U.S. Secretary of State Mike Pompeo
U.S. President Donald Trump meets with Russian President Vladimir Putin in Helsinki, Finland, on July 16, 2018.   KEVIN LAMARQUE/Reuters
NATO, it seems, is not in trouble, as it appeared when its purpose for existence was challenged by the collapse of the USSR. The very man who is invested in bestowing unto the Russian Federation some of the power and prestige elements of the Soviet Union, through his implied threats and his fulminations against the West interfering in Russia's business, furious that former allies have chosen to distance themselves in their eagerness to join the European Union and NATO, has ensured that NATO members have reacted by firming up their allegiance.

NATO's divisions are nowhere near as visible now as they were, for example during the Obama presidency. With the ascension of a president with whom most NATO members feel they have little in common, they have instead of disintegrating the union, re-integrated it into a power structure close to what it once exemplified in its challenge to the Soviet Union.

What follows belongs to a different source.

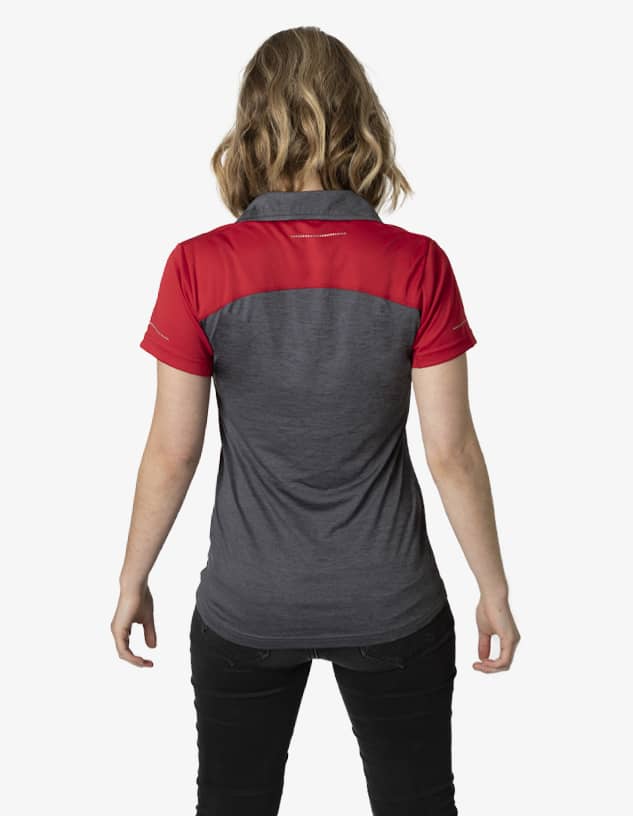 A polo shirt featuring a grey body with red sleeves and a logo on the back.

Where not too long ago NATO members cut defence spending leaving the United States to shoulder the burden of financing NATO, most are now reversing that course.

Which didn't stop Donald Trump from berating them in 2016 for failing to commit to a fair share, threatening to have his administration leave NATO unless things improved. But the real force behind NATO's resurgence is Vladimir Putin , his military interventions in Georgia and Ukraine to dissuade non-NATO countries from dependence on NATO. Turkey remains an outlier, with its decision to take on military weaponry of Russian design and manufacture, more than adequate reason to invite it to leave, alongside its increasingly tyrannical Recep Tayyip Erdogan's Islamist resurgence.

NATO has committed its allies' troops to eastern Europe and Baltic countries in the prevention of Russian military aggression. France and Germany have suggested the creation of a "European Army", to add military power to NATO's Europe faction. It is a confused Europe, however, when one of its strongest members, Germany, remains dependent on Russia as an energy source. Add to that less physical military jostling about and an increase in cyber attacks, and much has changed, even while Russia clings to its modernized technologically advanced military assets.

All of which incline NATO and its members, all suspicious and fearful of President Putin's proclivity for the unexpected to form a closer bond in unified opposition to his expansionary plans.